_EXERCISE DATA:_
★ ★ ★

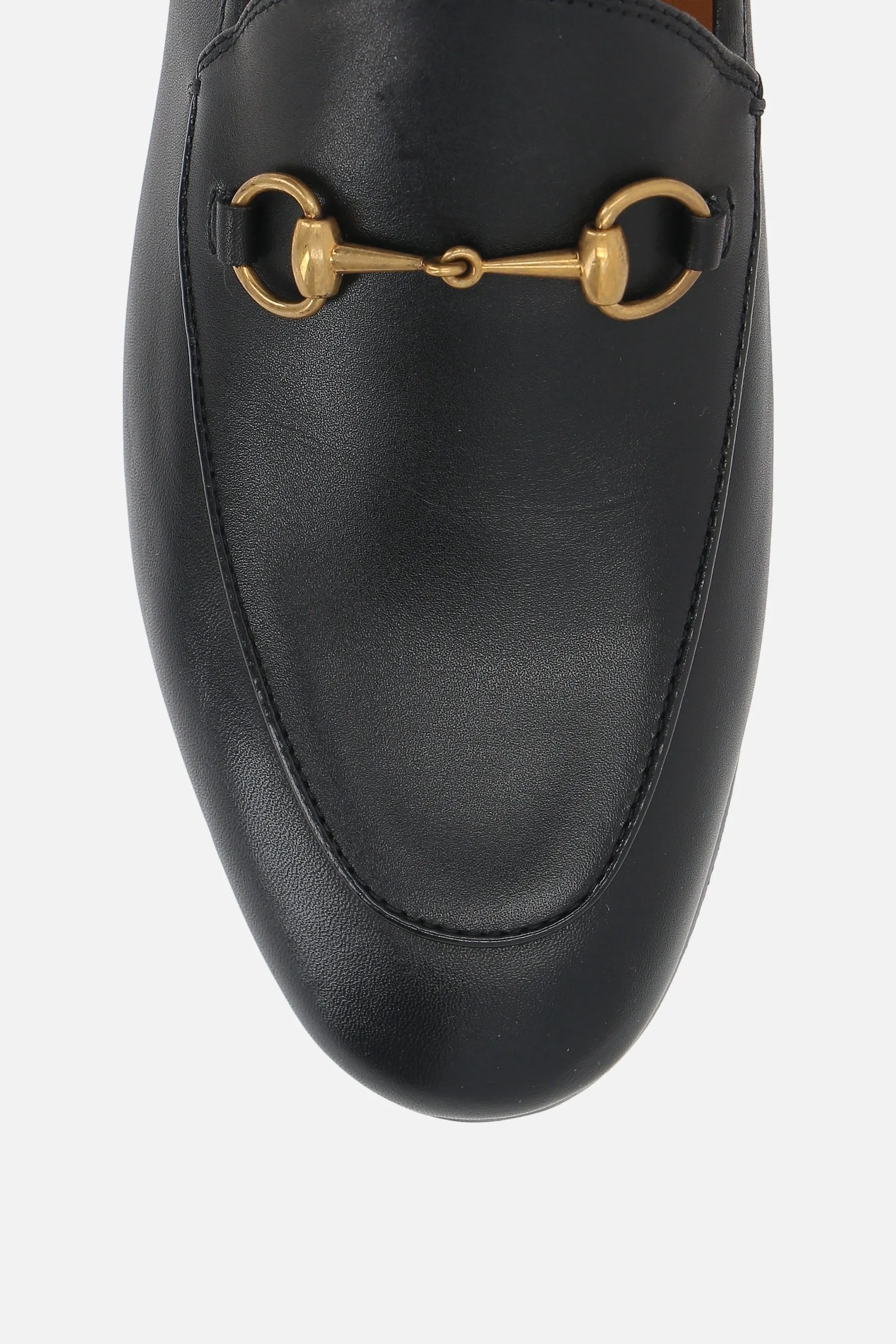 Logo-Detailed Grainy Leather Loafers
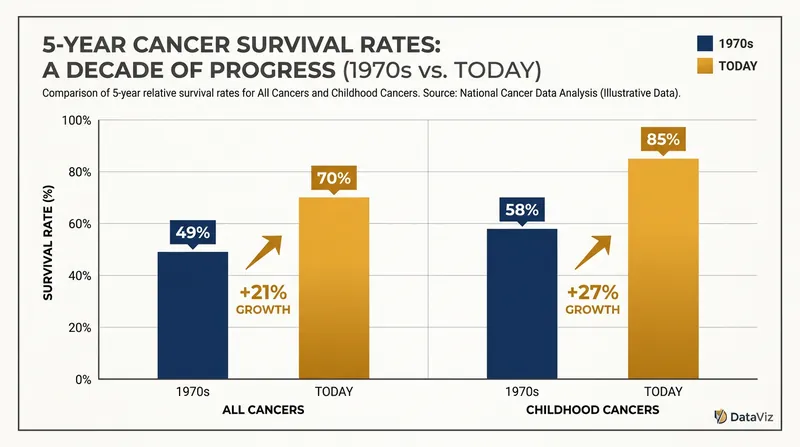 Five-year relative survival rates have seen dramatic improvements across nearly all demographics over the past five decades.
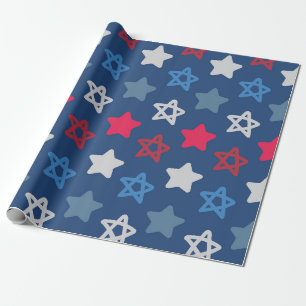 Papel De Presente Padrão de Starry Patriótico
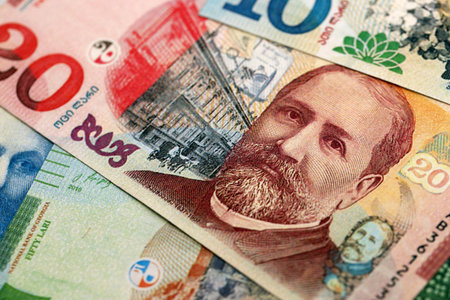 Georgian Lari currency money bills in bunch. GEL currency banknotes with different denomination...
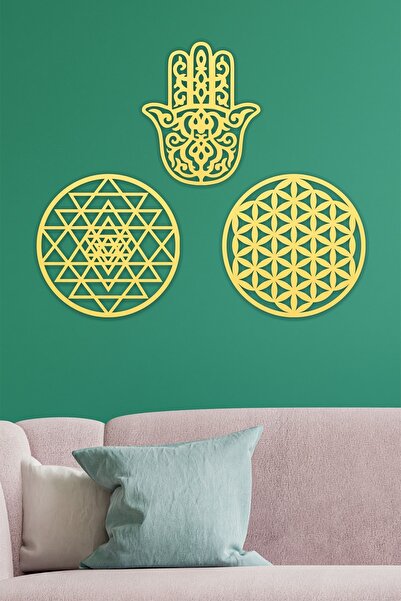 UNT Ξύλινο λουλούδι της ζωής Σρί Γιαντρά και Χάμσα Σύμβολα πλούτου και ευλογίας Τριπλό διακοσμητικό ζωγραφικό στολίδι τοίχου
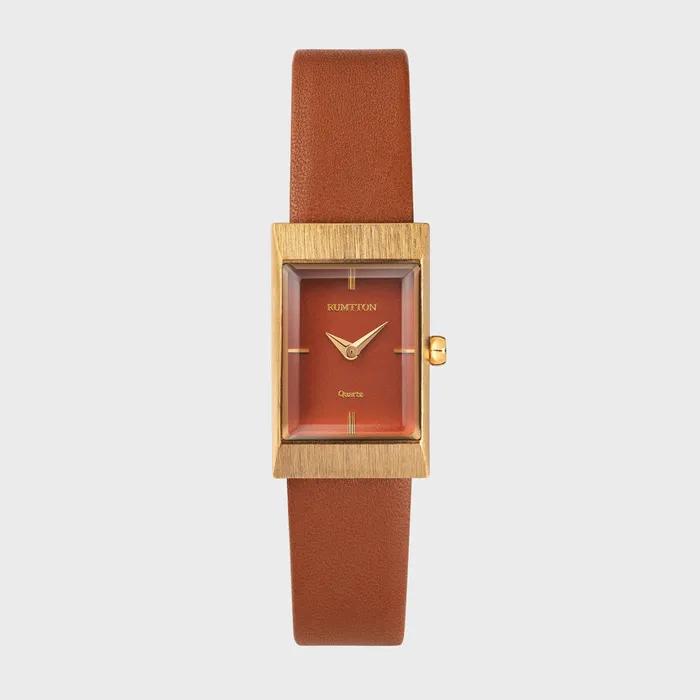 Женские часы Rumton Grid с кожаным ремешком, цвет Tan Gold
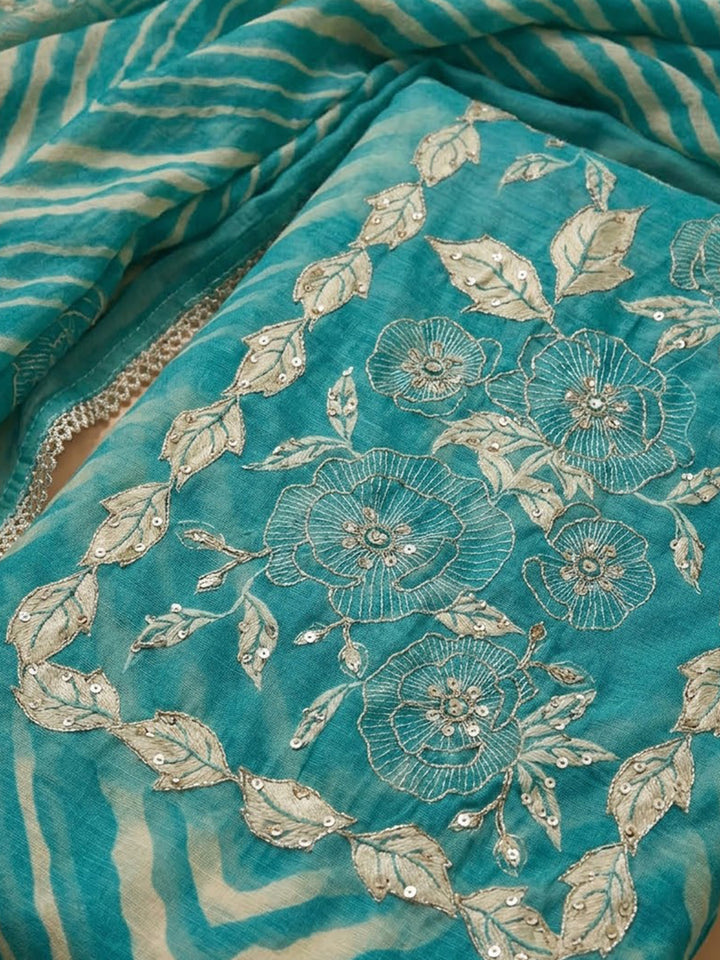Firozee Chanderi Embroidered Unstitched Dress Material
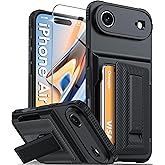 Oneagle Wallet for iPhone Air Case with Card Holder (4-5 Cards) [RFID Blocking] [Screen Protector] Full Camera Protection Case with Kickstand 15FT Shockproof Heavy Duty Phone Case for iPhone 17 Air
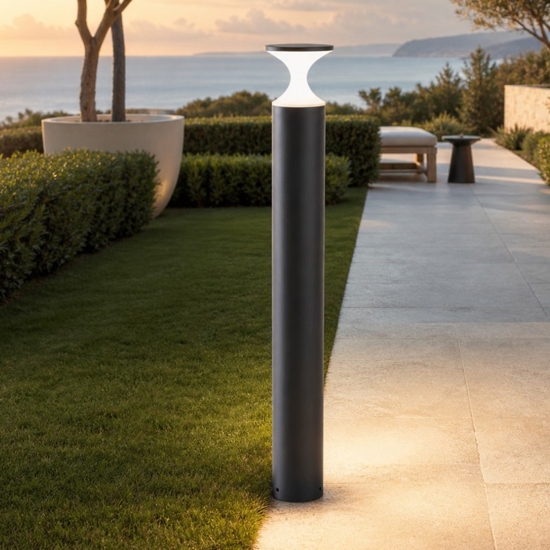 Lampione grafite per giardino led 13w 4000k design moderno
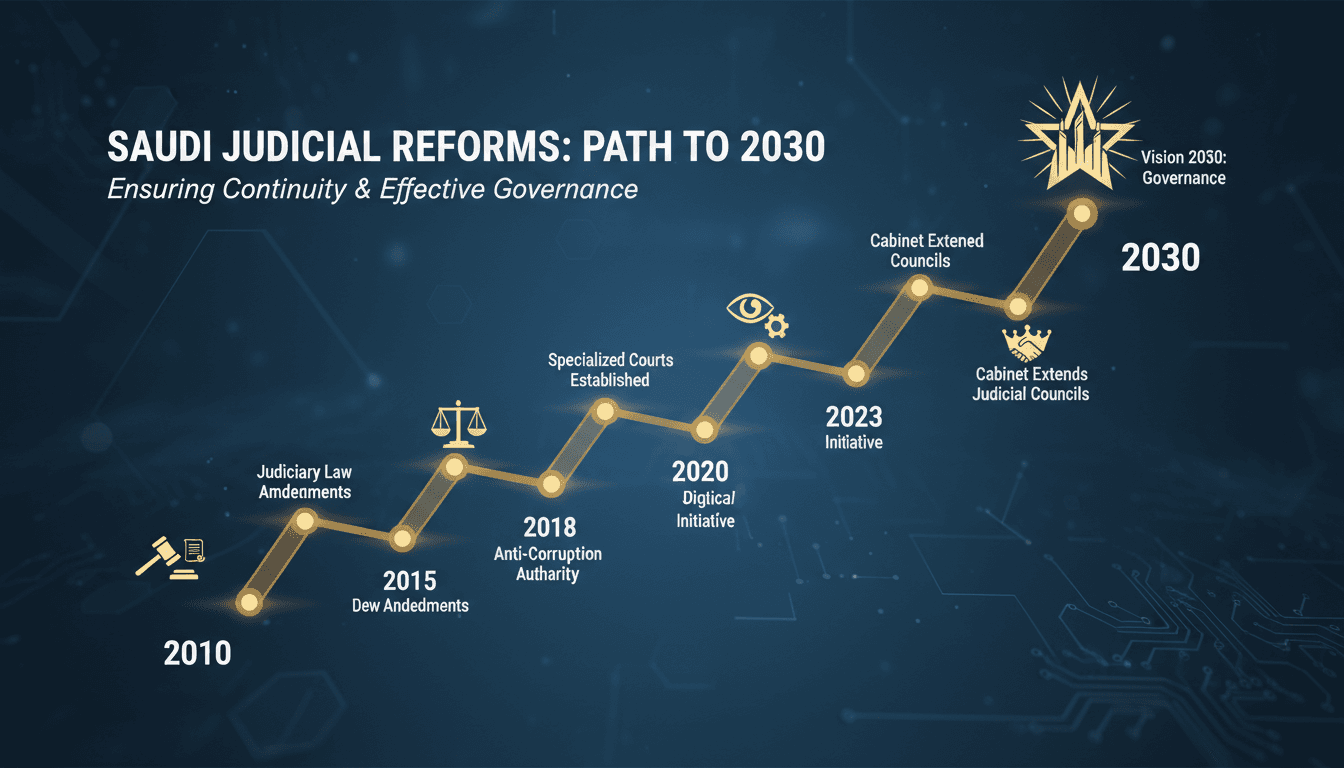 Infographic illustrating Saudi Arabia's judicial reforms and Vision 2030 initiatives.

★ ★ ★

Exact copy, no images: rewrite the entire listing above.

_TASK RESULT:_
 Logo-Detailed Grainy Leather Loafers
 Five-year relative survival rates have seen dramatic improvements across nearly all demographics over the past five decades.
 Papel De Presente Padrão de Starry Patriótico
 Georgian Lari currency money bills in bunch. GEL currency banknotes with different denomination...
 UNT Ξύλινο λουλούδι της ζωής Σρί Γιαντρά και Χάμσα Σύμβολα πλούτου και ευλογίας Τριπλό διακοσμητικό ζωγραφικό στολίδι τοίχου
 Женские часы Rumton Grid с кожаным ремешком, цвет Tan Gold
Firozee Chanderi Embroidered Unstitched Dress Material
 Oneagle Wallet for iPhone Air Case with Card Holder (4-5 Cards) [RFID Blocking] [Screen Protector] Full Camera Protection Case with Kickstand 15FT Shockproof Heavy Duty Phone Case for iPhone 17 Air
 Lampione grafite per giardino led 13w 4000k design moderno
 Infographic illustrating Saudi Arabia's judicial reforms and Vision 2030 initiatives.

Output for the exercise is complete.